Szkoleniowiec Cracovii Jacek Zieliński ujawnił po zwycięskim spotkaniu z Ruchem w Chorzowie 3:2, że jego podopieczni potrzebowali po pierwszej połowie odpowiedniej reprymendy, aby lepiej prezentować się po zmianie stron.
– To był dziwny, specyficzny mecz. Dwie różne połowy. Pierwsza poza początkiem zdecydowanie należała do Ruchu, który dominował i dobrze się złożyło, że przegrywaliśmy tylko 1:2 – przyznał Zieliński, cytowany przez oficjalną stronę Ruchu.
– W przerwie padło kilka męskich słów, wytłumaczyliśmy sobie, co robimy źle, co musimy poprawić. I rzeczywiście na drugą połowę zespół wyszedł odmieniony – kontynuował opiekun „Pasów”.

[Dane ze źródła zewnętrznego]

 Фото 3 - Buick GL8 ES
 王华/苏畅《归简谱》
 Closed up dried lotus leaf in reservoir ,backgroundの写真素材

– Cieszę się z tego, że była pozytywna reakcja i wydarliśmy Ruchowi to zwycięstwo z gardła. Wiedzieliśmy, że Ruch tego tempa nie wytrzyma – podsumował Zieliński.
„Pasy” po dwunastej wygranej w sezonie odzyskały trzecią pozycję w tabeli. W najbliższy weekend ekipa z Małopolski zagra na wyjeździe z Lechem Poznań.